Research Interests
- Nineteenth-century British political and religious history
- Robert Peel
- The social history of motorcycling
I work on British political and religious history, mainly in the first half of the nineteenth century. My initial interest in reactionary and paternalist politics during the age of reform took me to the subject of the social and political thought of the Oxford Movement, and my doctoral work on that subject culminated in an OUP book of 2004, Tractarians and the 'Condition of England'. I am currently working on a book on Peel and religion, with particular attention to the political consequences of the Maynooth Grant controversy.
My interests lie in nineteenth-century British political and religious history.
I have written variously on paternalist and reactionary thought in the 1830s and 1840s, and my book on the political and social thought of the Tractarians was published by Oxford University Press in 2004. I have contributed a number of individual and group entries on clergymen, writers, and motorcycle racers to theOxford Dictionary of National Biography, and am currently working on religion and Peel in the 1830s and 1840s. I have broadcast on subjects ranging from Queen Victoria to speedway racing.
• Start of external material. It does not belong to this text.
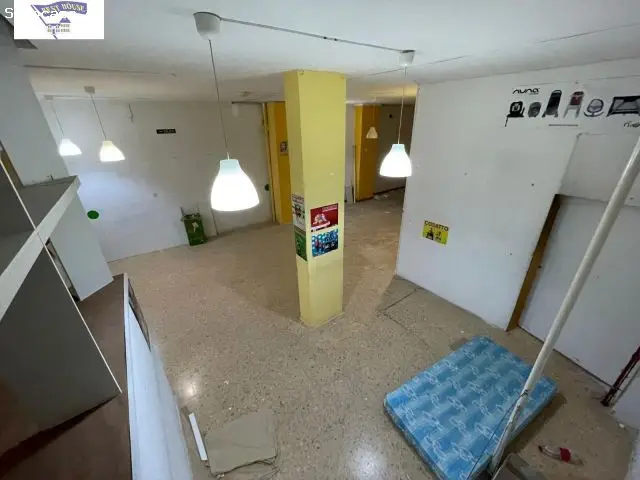 Local en Alquiler Zona Feria 248m2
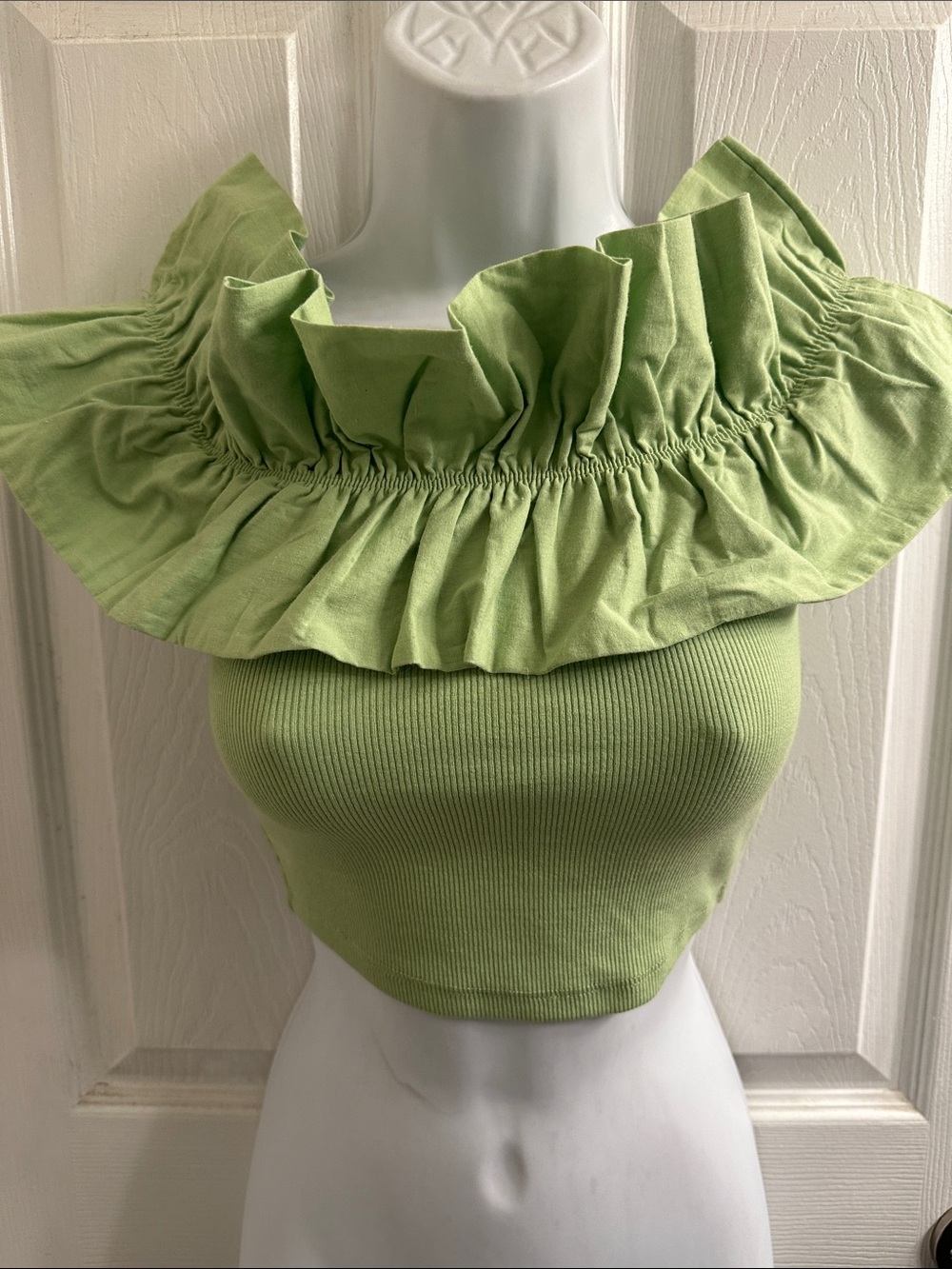 NWT Zara Light Green Off-Shoulder Ruffle Crop Top Size Small - Picture 4 of 7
Past supervision topics include Canning and toryism, Sir James Graham and party, the historical outlook of J. M. Neale, popular Conservatism in the 1830s, and Gladstone's historical intelligence; present topics include Spencer Perceval's evangelicalism, anti-Peelite Conservatism in the 1830s and 1840s, intellectuals and the Eastern Question, and Disraeli's religious thought. I am a convenor of the Modern British History graduate seminar.